The Sherpas were dead, two more victims of an attempt to scale Mt.
Everest. Members of a French climbing expedition, sensitive perhaps
about leaving the bodies where they could not be recovered, rolled them
off a steep mountain face. One body, however, crashed to a stop near
Sherpas on a separate expedition far below. They stared at the frozen
corpse, stunned. They said nothing, but an American climber observing
the scene interpreted their thoughts: Nobody would throw the body of a
white climber off Mt. Everest.
For more than a century, climbers from around the world have journ-eyed
to test themselves on Everest's treacherous slopes, enlisting the expert
aid of the Sherpas who live in the area. Drawing on years of field
research in the Himalayas, renowned anthropologist Sherry Ortner
presents a compelling account of the evolving relationship between the
mountaineers and the Sherpas, a relationship of mutual dependence and
cultural conflict played out in an environment of mortal risk.
Ortner explores this relationship partly through gripping accounts of
expeditions--often in the climbers' own words--ranging from
nineteenth-century forays by the British through the historic ascent of
Hillary and Tenzing to the disasters described in Jon Krakauer's Into
Thin Air. She reveals the climbers, or "sahibs," to use the Sherpas'
phrase, as countercultural romantics, seeking to transcend the vulgarity
and materialism of modernity through the rigor and beauty of
mountaineering. She shows how climbers' behavior toward the Sherpas has
ranged from kindness to cruelty, from cultural sensitivity to derision.
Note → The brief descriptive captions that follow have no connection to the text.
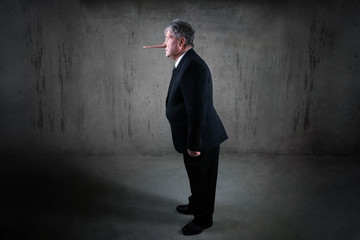 Lying businessman with a long nose standing in a suit, liar concept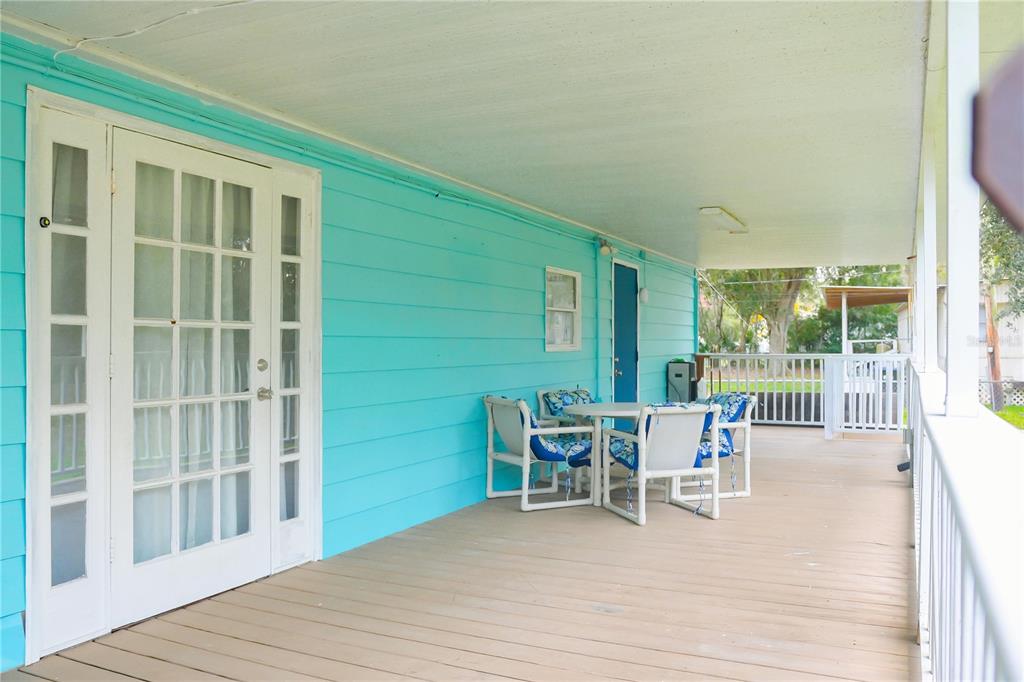 630 Carpenter Road Orlando, FL 32833 - Photo 17 of 23 a dining room with furniture and wooden floor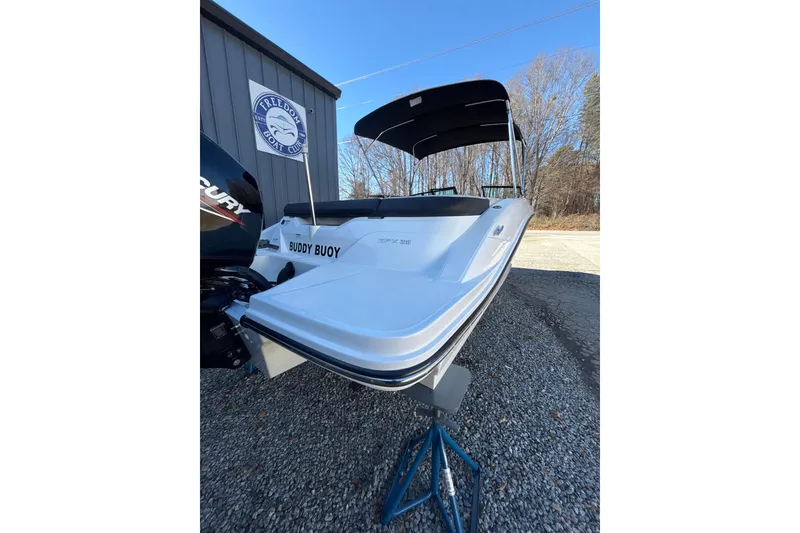Slide: The Image of 2023 Searay SPX 210 OB boat on display, featuring sleek design and Mercury outboard motor. - 9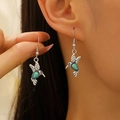 Dettaglio degli orecchini vintage a colibrì in argento con pietre di turchese - Argento Retro Turchese Colibrì Gancio (9520)
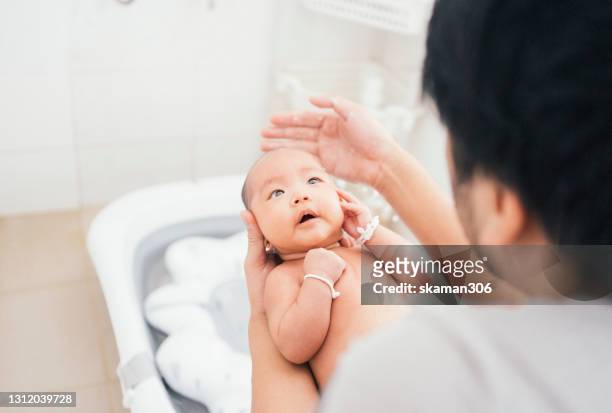 asian young adult father shower for his baby daughter in bathroom at home - baby shower - fotografias e filmes do acervo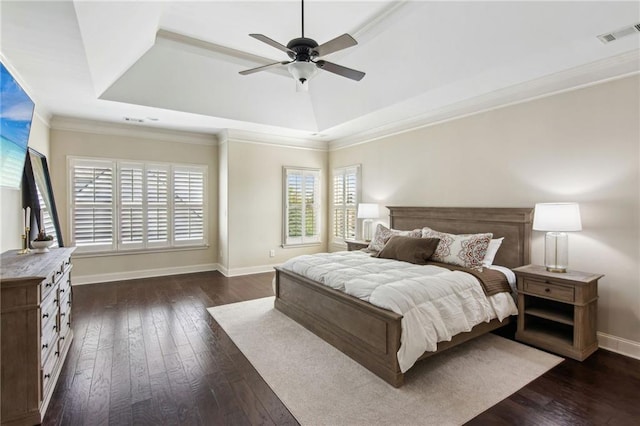 673 Dunbrody Dr, Milton, GA 30004 - bedroom with dark wood-type flooring, a raised ceiling, baseboards, and ornamental molding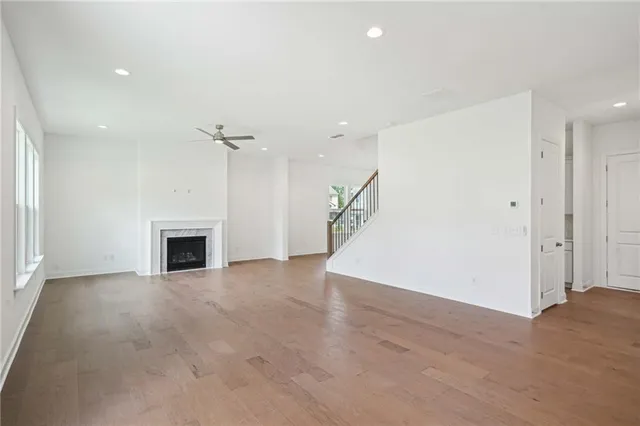 an empty room with wooden floor and fireplace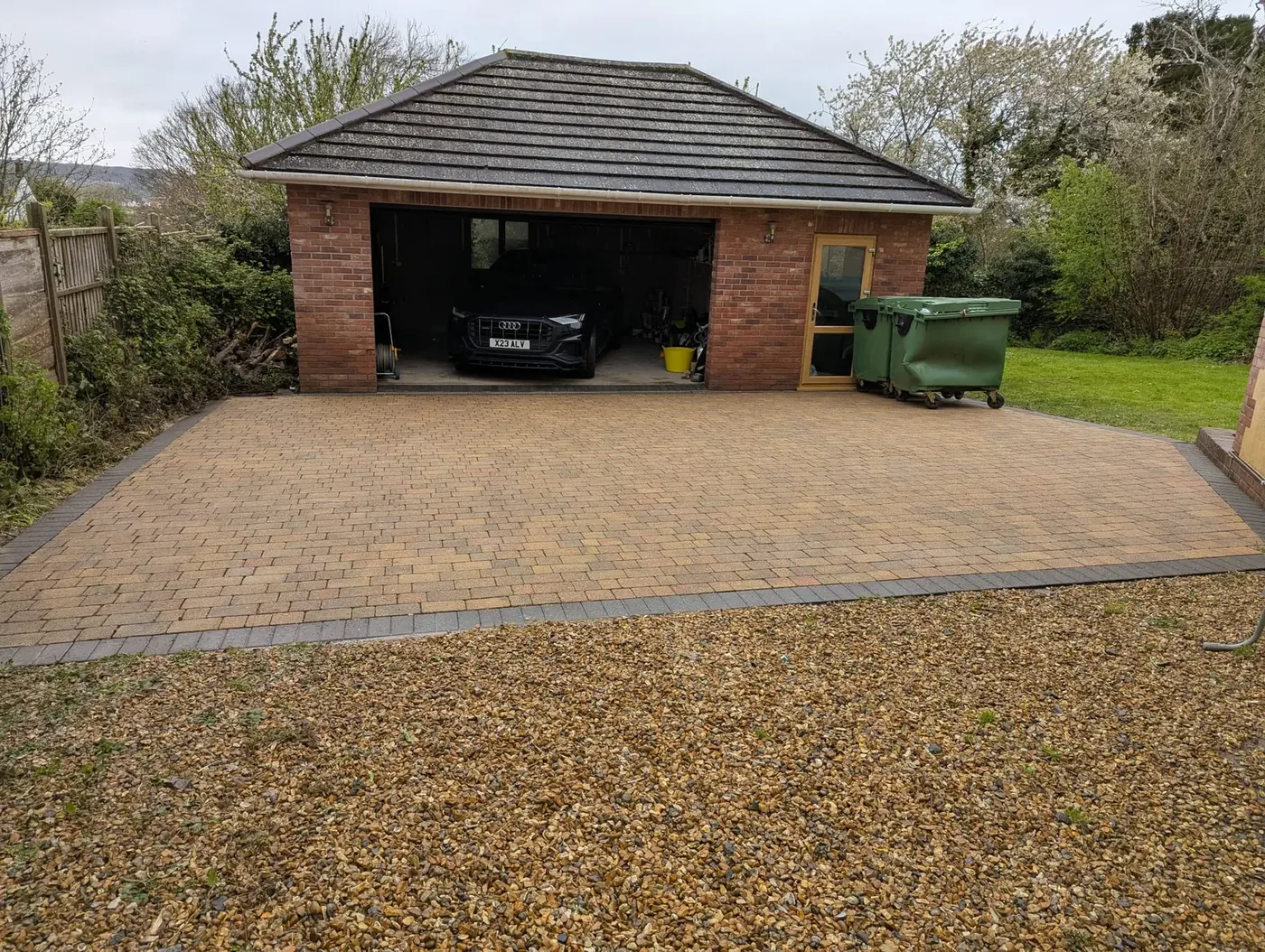 Block paving driveway gleaming after professional driveway cleaning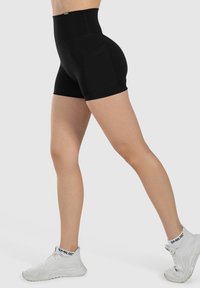 Hoge zwarte shorts gemaakt van rekbare stof; heeft twee zijzakken en een glad, gestructureerd oppervlak. Gekocht met witte sportschoenen.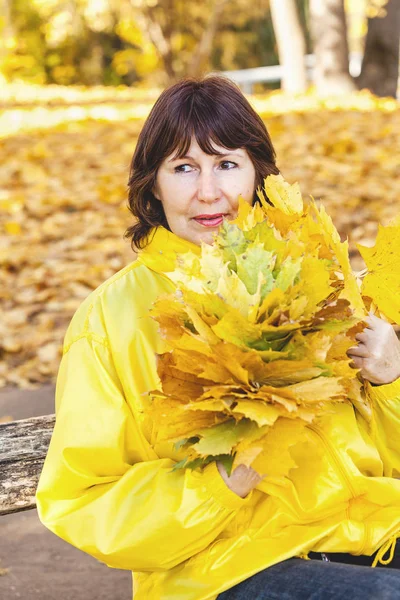 Belle femme plus âgée tenant des feuilles d'érable tombées — Photo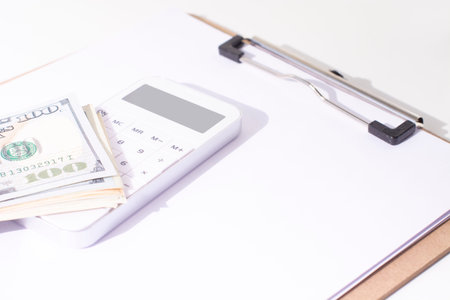 White calculator and dollars the office desk. The concept of planning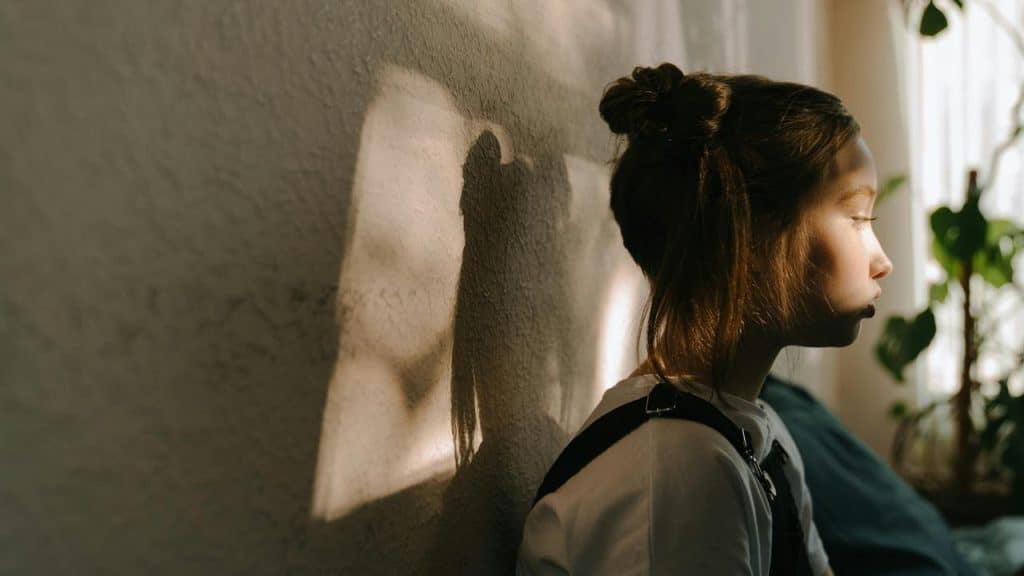 A girl sitting against a wall with sunlight casting her shadow.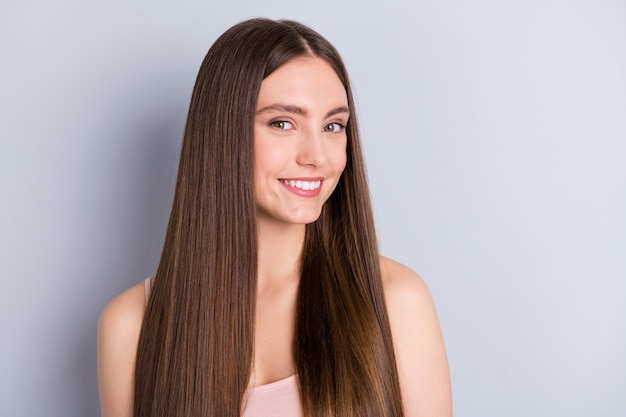 girl with healthy hair isolated on grey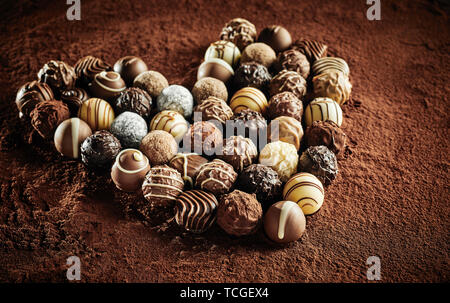 Più in bianco e nero di cioccolato confettini dolciario in forma di cuore seduti sul tappetino di polvere di cacao Foto Stock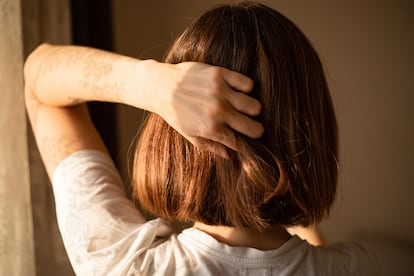 Rear view of a woman with bob haircut, holding her head.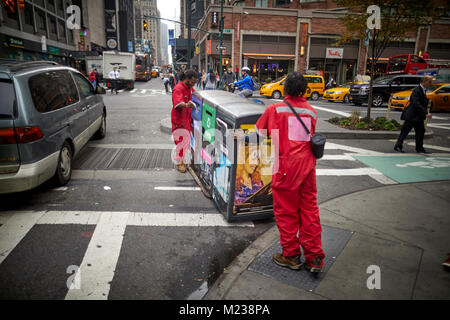 New York City Manhattan, Times Square street cleaners le déplacement d'une poubelles de recyclage Banque D'Images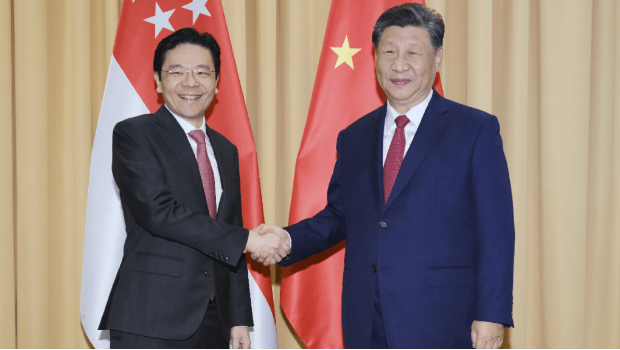 习近平去年在秘鲁会见黄循财。新华社 习近平去年在秘鲁会见黄循财。新华社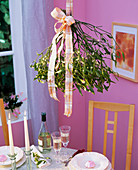 Viscum album (mistletoe) with ribbon hung over table
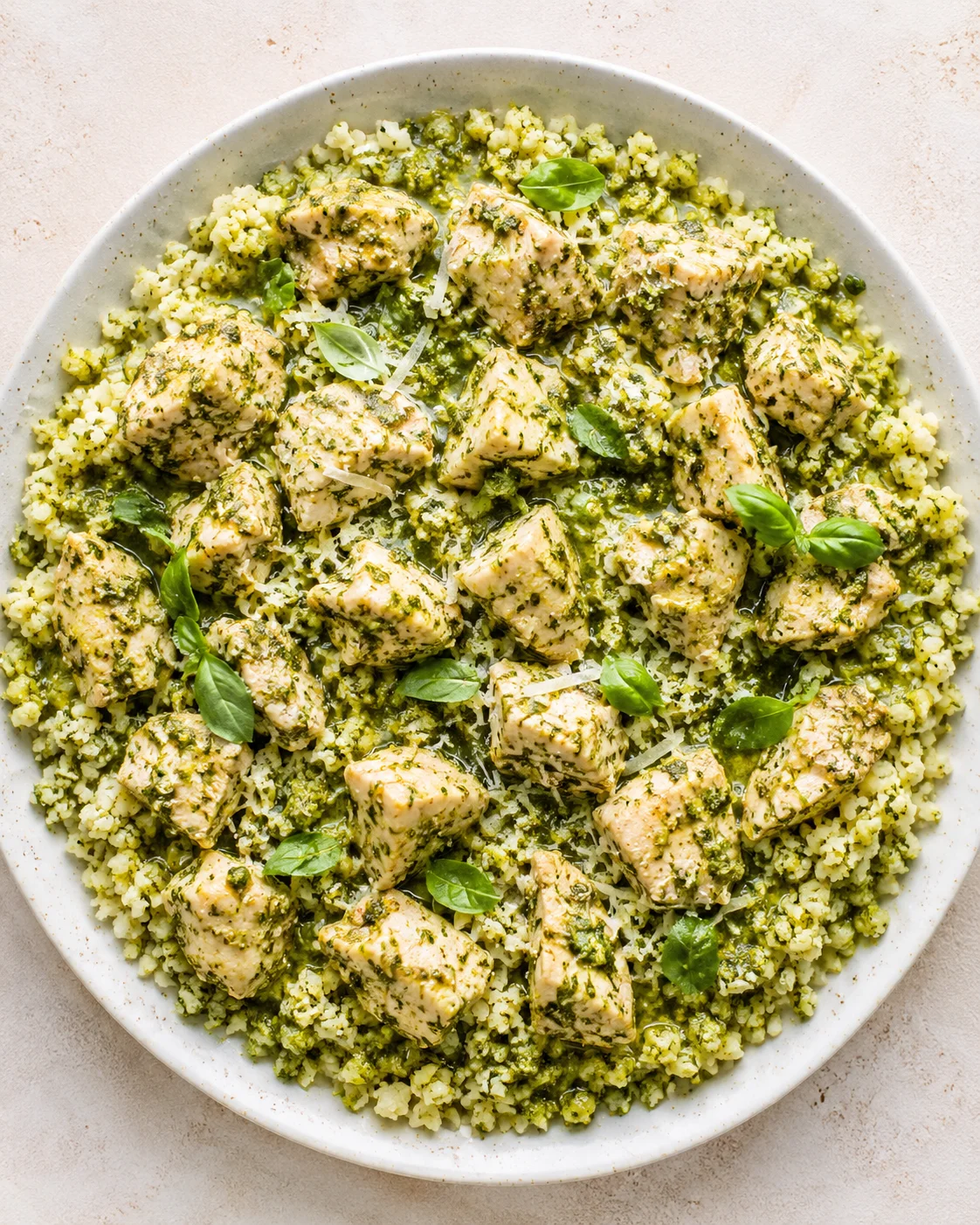 top-down view of a round plate with herb-crusted chicken cubes on green pesto couscous, garnished with basil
Ortner traces the political and economic factors that led the Sherpas to
join expeditions and examines the impact of climbing on their
traditional culture, religion, and identity. She examines Sherpas'
attitude toward death, the implications of the shared masculinity of
Sherpas and sahibs, and the relationship between Sherpas and the
increasing number of women climbers. Ortner also tackles debates about
whether the Sherpas have been "spoiled" by mountaineering and whether
climbing itself has been spoiled by commercialism.